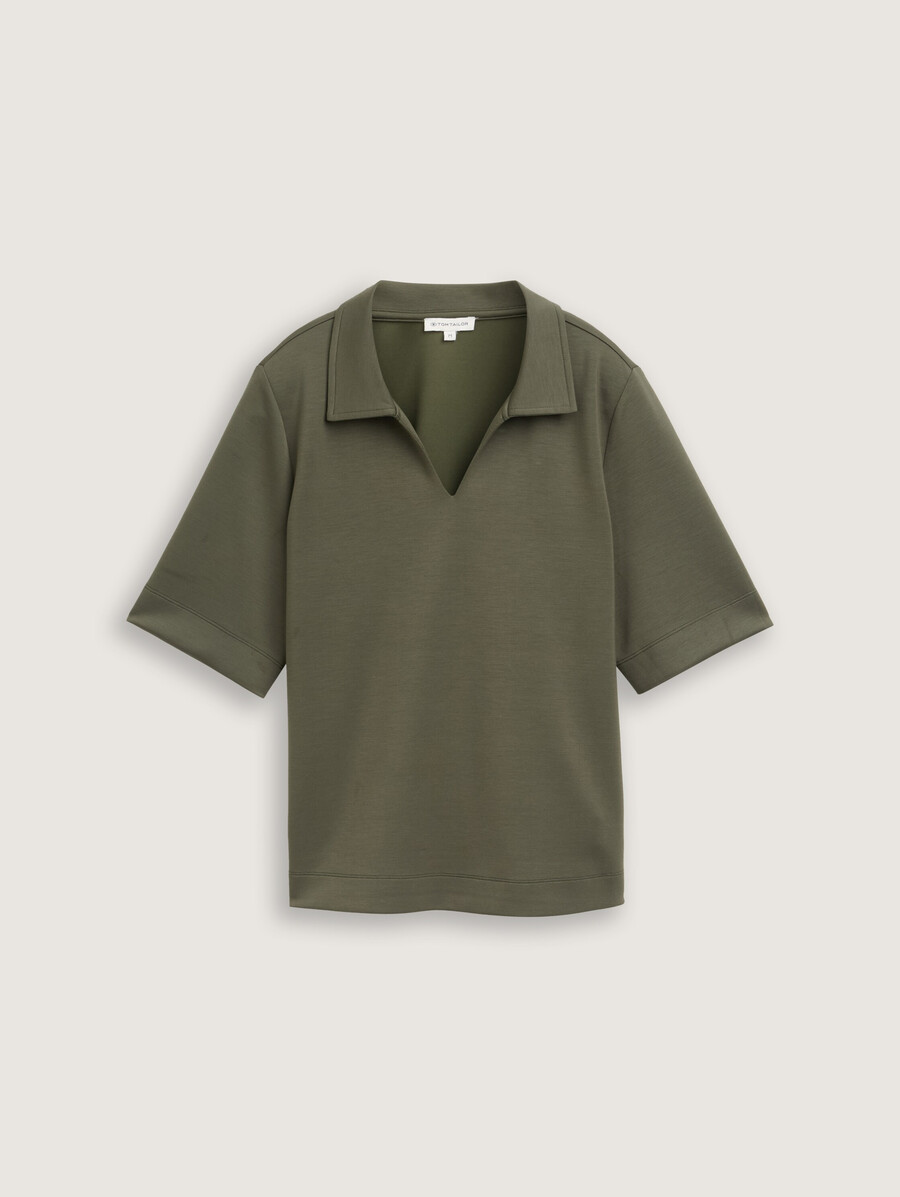t-shirt à col polo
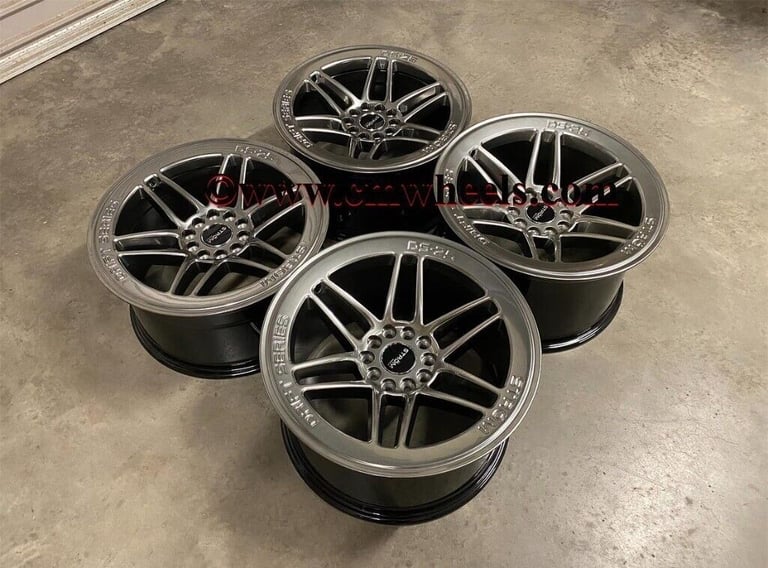 18" Inch Strom DS-25 Drift Alloy Wheels 5x120 BMW F80 M3 E90 M3 E46 M3 M4 F82 F83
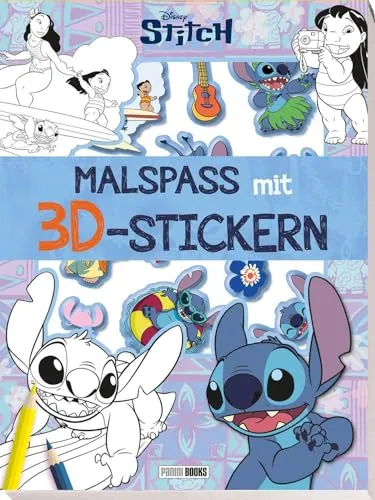 Disney Stitch: Malspaß mit 3D-Stickern: Malblock mit 3D-Stickern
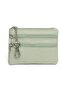 Women's wallet chestnut brown with key ring.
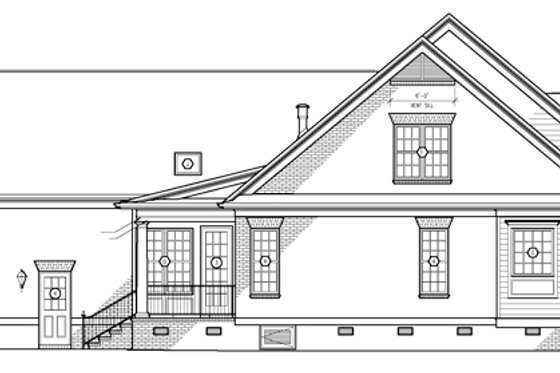 Exterior - Other Elevation 1 for Classical House Plan #1054-7 - 3 bed, 2.5 bath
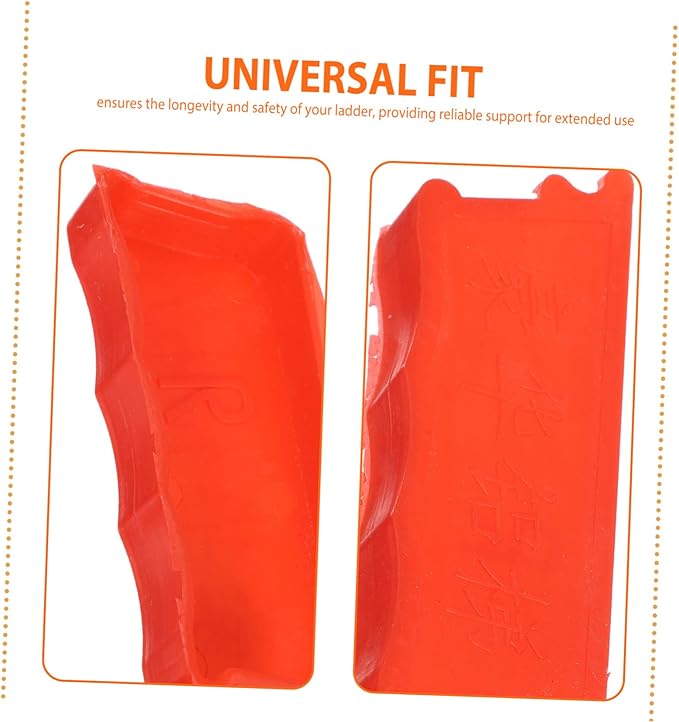 Ladder Feet Safety Pads Nonslip Ladder Topper Caps Protective Covers for Compatibility and Stability Easy to Install Aesthetic Appeal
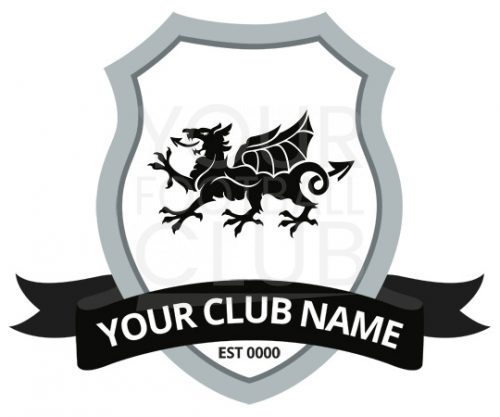 Football Badge Design FB001C Graphic Dragon 3 Black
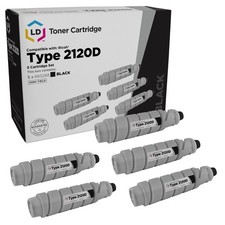 LD Compatible Ricoh 885288/Type 2120D 5PK High Yield Black Toner Cartridges picture
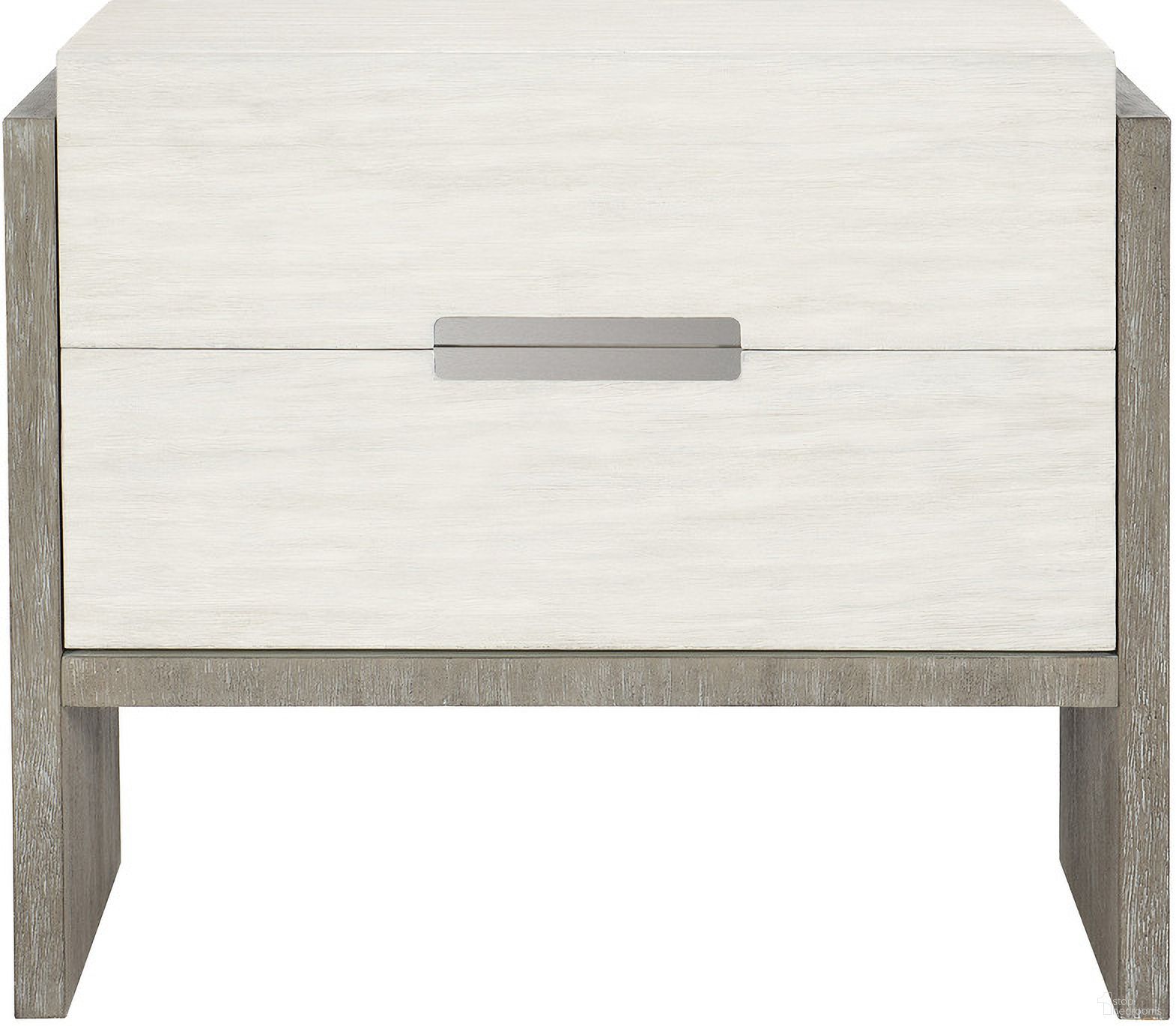 The appearance of Foundations 2-Drawer Nightstand designed by Bernhardt in the modern / contemporary interior design. This linen/light shale piece of furniture  was selected by 1StopBedrooms from Foundations Collection to add a touch of cosiness and style into your home. Sku: 306230. Material: Wood.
::::::
## Task details
Output exactly the lines of the listing above that start with the one holding "Exterior - Other" and go on through the one holding "LD Compatible Ricoh"; leave the pictures out.

## Your response
 Exterior - Other Elevation 1 for Classical House Plan #1054-7 - 3 bed, 2.5 bath
 Ladder Feet Safety Pads Nonslip Ladder Topper Caps Protective Covers for Compatibility and Stability Easy to Install Aesthetic Appeal
 Football Badge Design FB001C Graphic Dragon 3 Black
 LD Compatible Ricoh 885288/Type 2120D 5PK High Yield Black Toner Cartridges picture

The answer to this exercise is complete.